Union Civil Aviation Minister Jyotiraditya Scindia has urged Indian airlines to persuade their original equipment manufacturer (OEM) vendors to develop maintenance, repair and overhaul (MRO) facilities in the country.

“When they secure orders for fleet expansion, they must also put the impetus and thrust on OEM suppliers to be able to bring their MRO capacities into India,” said Scindia.

Emphasising the ready availability of the engineering base required for the purpose, he added, “The policy construct is in place, the market is there and the demand for aircraft is increasing. Both the industry and OEMs need to work with us to make that possible because it’s something that’s going to help them in the longer term.”

Scindia made these observations at the three-day annual gathering of industry chamber Confederation of Indian Industry (CII) in association with the Department for Promotion of Industry and Internal Trade (DIPP).

According to official estimates, the market size of the country’s civil aviation industry is currently pegged at Rs 90,000 crore. Of this, MRO segment accounts for about 15 per cent share, or Rs 13,500 crore. However, as things stand today, 85 per cent of MRO-related work gets offshored to countries like Sri Lanka, Malaysia, Singapore and the UAE, with only 15 per cent being done in India.

This means that entities based in the country are left handling a paltry Rs 2,000 crore of the business, with the rest of the money flowing overseas.

Making India a global MRO hub:

Under the National Civil Aviation Policy (NCAP), announced in 2016, the Prime Minister Narendra Modi-led NDA government is keen to develop the country as Asia’s MRO hub to attract business from foreign airlines under its ‘Make in India’ initiative.

Since long, the MRO segment had demanded equal opportunities for growth, aligning of taxation at par with competing hubs in the country’s neighbourhood, lowering of import duty on spare parts and a favourable GST regime.

In response, GST on MRO services was reduced to 5 per cent from 18 per cent in March last year. In September this year, Scindia had announced a 100-day plan for the civil aviation sector, comprising policy interventions, development of airports and heliports and the MRO segment.

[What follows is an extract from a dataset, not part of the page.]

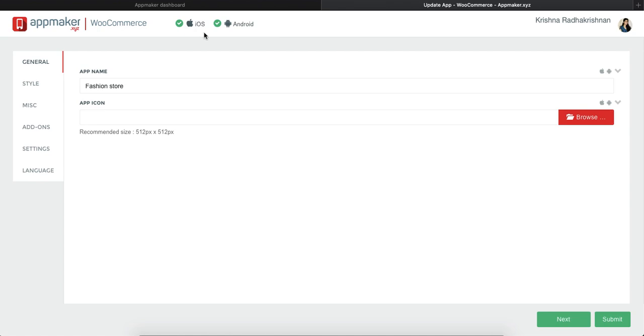These are the options to tell you what build do you need. If you need only an iOS app, untick the Android app and vice versa. But if you need both, just click on both the apps and you will get both the apps ready.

A draft policy incorporating recommendations made by the apex body for the segment, MRO Association of India (MAOI), is also on the anvil.

“Stakeholders from the MRO advisory group have given their inputs to the minister, which will be incorporated in the new policy. The association is confident that the new draft policy will be made public for stakeholder inputs by January 2022,” Pulak Sen, founder secretary general MOAI, told BusinessToday.In.

Key recommendations include abolishing the existing framework of royalties and rentals to facilitate foreign investments in the segment by making it cost-competitive.

“Once the policy is formulated and released, it will attract foreign players to India to set up shop. But it will take at least three years for this vibrant MRO and support ecosystem to show results,” cautioned Sen.


Adopt carrot and stick approach:

However, some within the industry feel that the intent might come undone unless the government extends appropriate fiscal incentives for end-users, i.e., airline companies.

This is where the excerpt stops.